- Date: September 3, 1999
- Location: Santa Monica Civic Auditorium, Santa Monica, California
- Country: United States
- Hosted by: Shemar Moore, Deborah Cox, Monica, Busta Rhymes
- Most awards: Lauryn Hill (2), TLC (2)

= 1999 Soul Train Lady of Soul Awards =

American awards show

The 1999 Soul Train Lady of Soul Awards were held on September 3, 1999, at the Santa Monica Civic Auditorium in Santa Monica, California.
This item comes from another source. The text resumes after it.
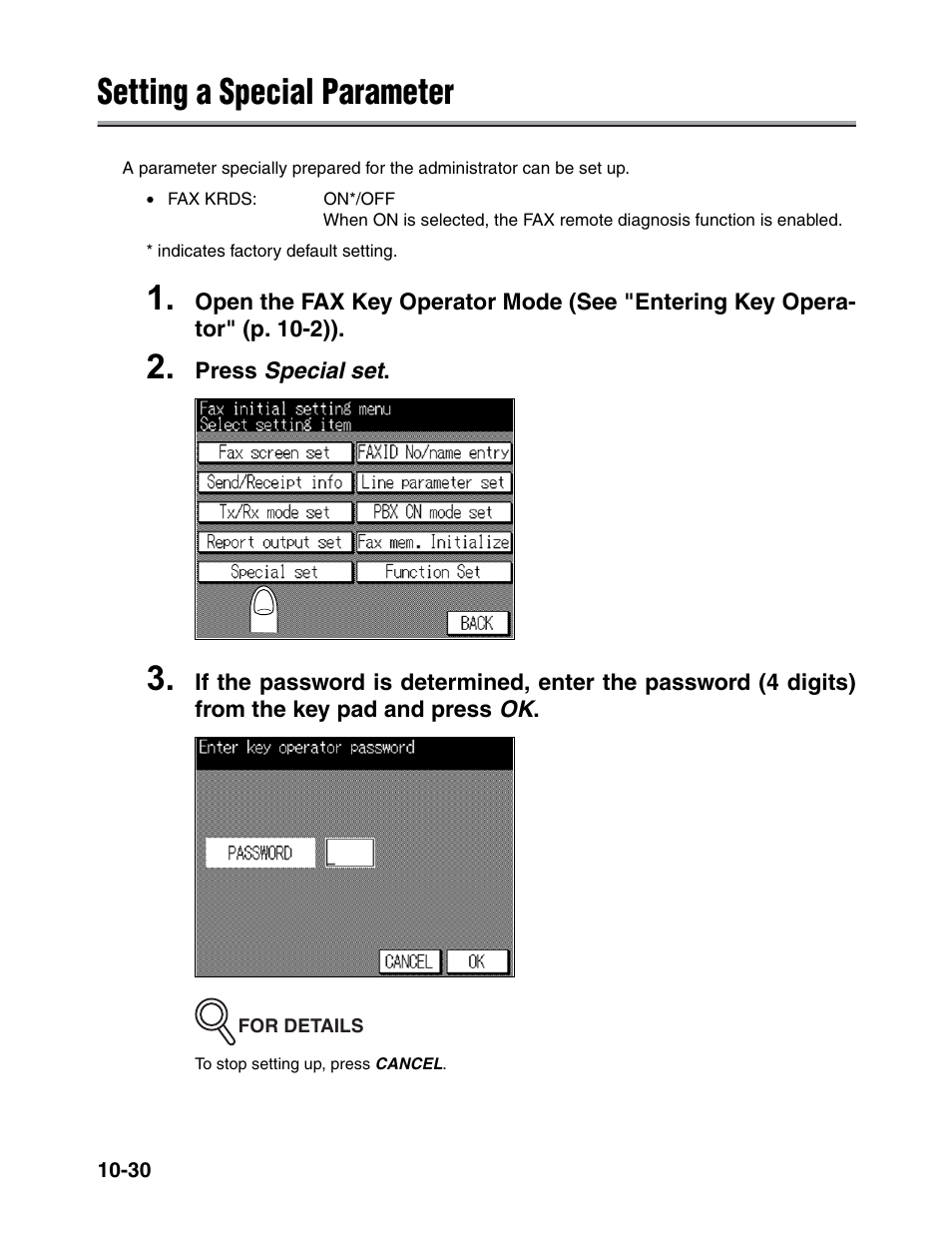 Setting a special parameter | Konica Minolta FK-102 User Manual | Page 252 / 329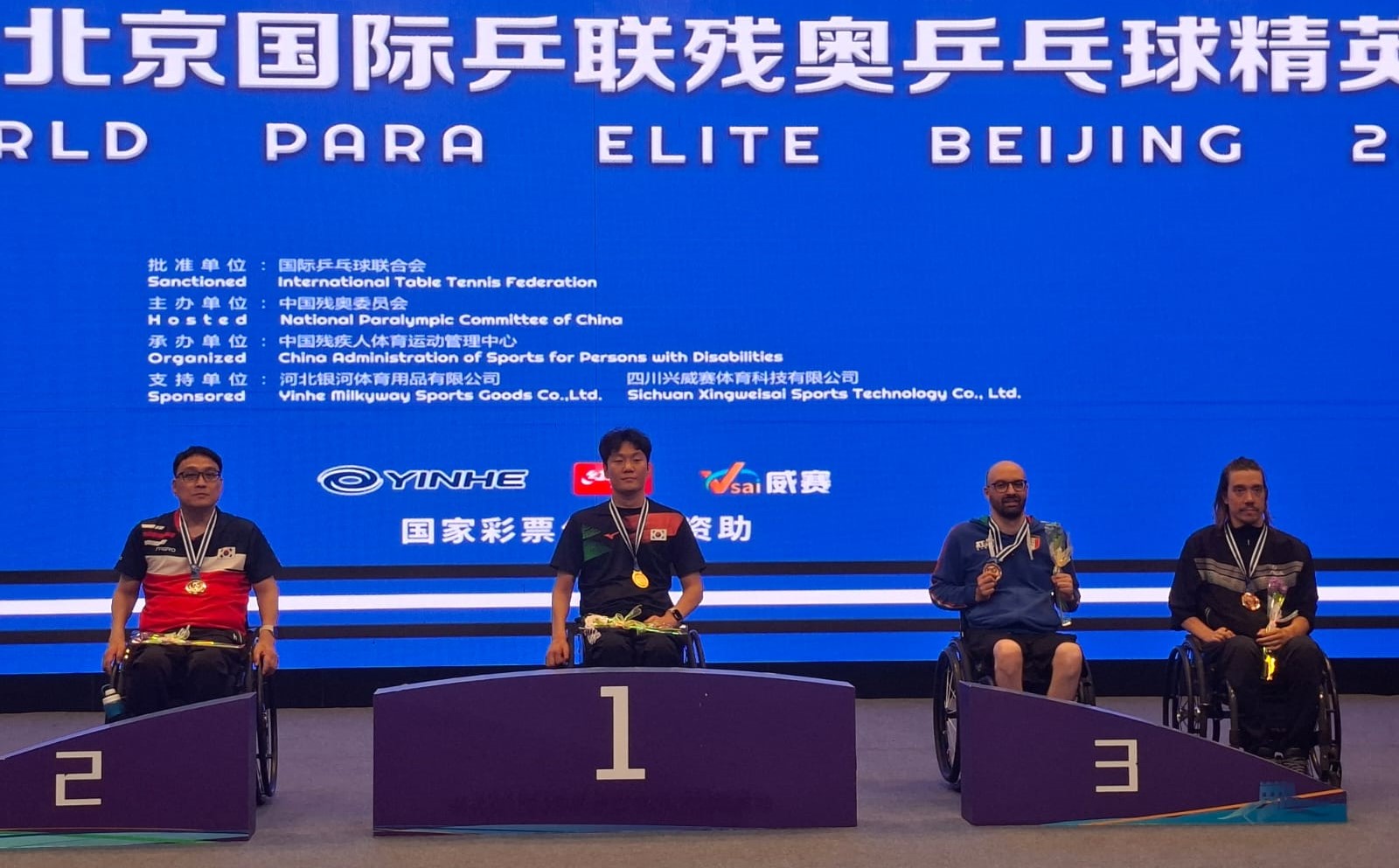 ITTF World Para Elite Beijng 2026 podio del singolare di classe 1 con Federico Falco bronzo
Produced by Don Cornelius Productions, the fourth annual awards program was co-hosted by Shemar Moore, Deborah Cox, Monica and Busta Rhymes.

==Special awards==
===Aretha Franklin Award for Entertainer of the Year===
- TLC

===Lena Horne Award for Outstanding Career Achievement===
- Natalie Cole

==Winners and nominees==
Winners are in bold text.

===Best R&B/Soul Single – Solo===
- Lauryn Hill – "Ex-Factor"
  - Chanté Moore – "Chanté's Got a Man"
  - Deborah Cox – "Nobody's Supposed To Be Here"
  - Monica – "Angel of Mine"

===Best R&B/Soul Single – Group, Band or Duo===
- TLC – "No Scrubs"
  - 702 – "Where My Girls At?"
  - Brandy and Monica – "The Boy Is Mine"
  - Whitney Houston featuring Faith Evans and Kelly Price – "Heartbreak Hotel"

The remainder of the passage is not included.